Being involved in the work of God’s Kingdom requires that we be weaned from the simple suckling we did as new believers and begin to chew on the stuff that will help us grow into maturity. Those of us who seek the Kingdom need to learn to chew on the realities of injustice and suffering, racial reconciliation and the difficult work of true community, how we’re spending our money and the difficult work of true repentance. This weaning process is not always pleasant but it is necessary if we want to become “mature and complete, not lacking anything.” (James 1:4).
Today is Ash Wednesday and it marks the beginning of Lent, a church season where we are invited to wean ourselves off of anything that gets in the way of reaching full maturity in our relationship with Jesus Christ and his call to the Kingdom. We will enter into this season of Lent by having ashes placed on our foreheads as a symbol that we are ready to be weaned off of the old patterns that held us back from the full plan of God for our lives. We will hear the words “Remember that you are dust and to dust you shall return." and we will allow ourselves to be marked as those who seek not just blessing but who willingly wean themselves so that they might reach full maturity.

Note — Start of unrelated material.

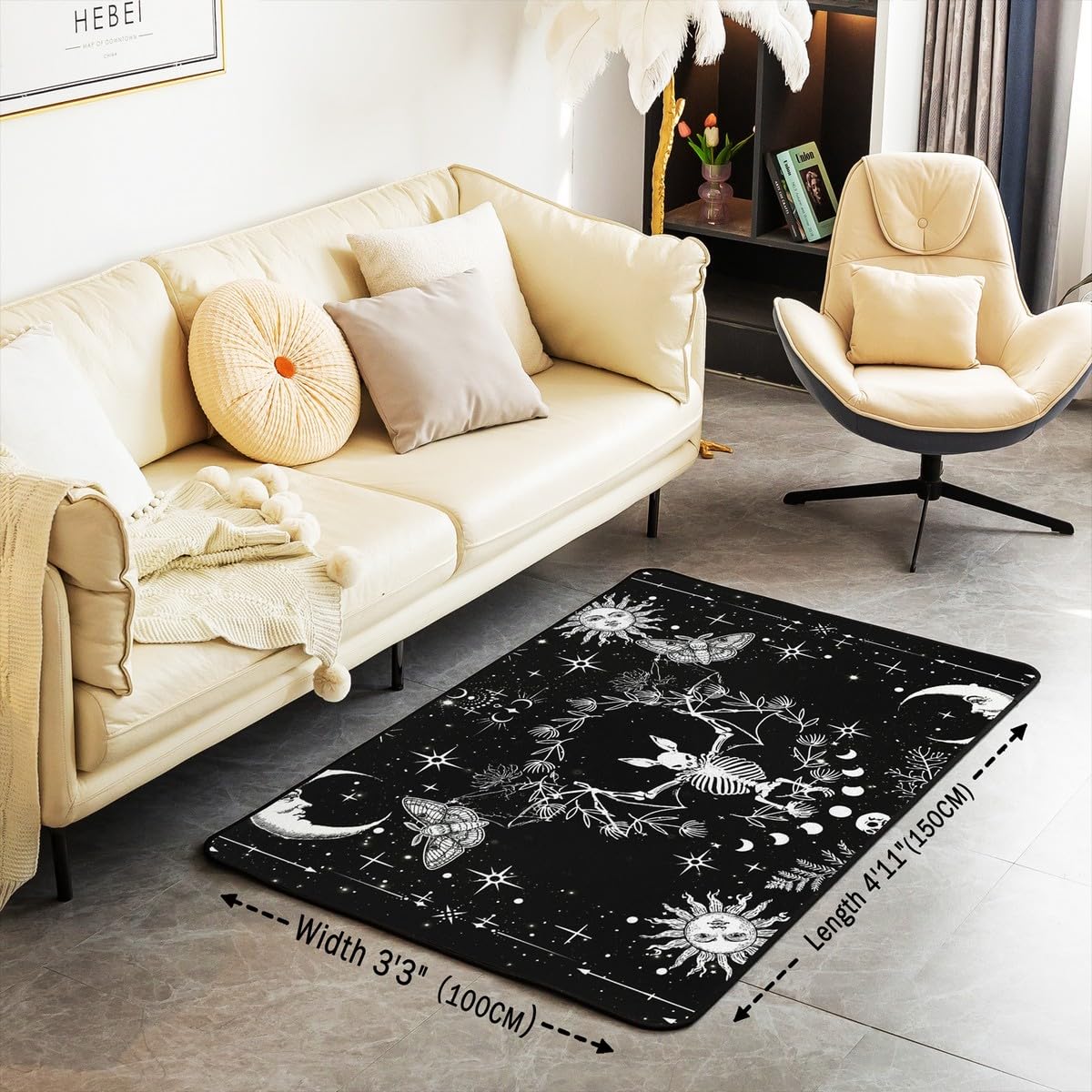 Castle Fairy Gothic Bat Area Rug 5x6'6''x0.39'' for Bedside,Halloween Skull Boho Sun Moon Home Mat for Playroom Office,Rustic Botanical Leaves Indoor Floor Area Rugs Washable Rug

This morning Allen Mitsuo Wakabayashi , author of the book Kingdom Come, will open God’s Word to us as we gather around the cross and consider what it looks like to be a mature kingdom people who willingly bearing the marks of the death and resurrection of Jesus and who look forward to the day when Jesus will return and put a final end to death and announce the resurrection of all things. Let me encourage as we worship together this morning to quit wasting your time crying at the gate for how it used to be…it is time to move forward into the kingdom. God is looking for women and men who desire to be fully weaned and mature and during this season of Lent I challenge you to the difficult task of weaning yourself off of anything that would hold you back from full kingdom maturity. Let’s grow up together!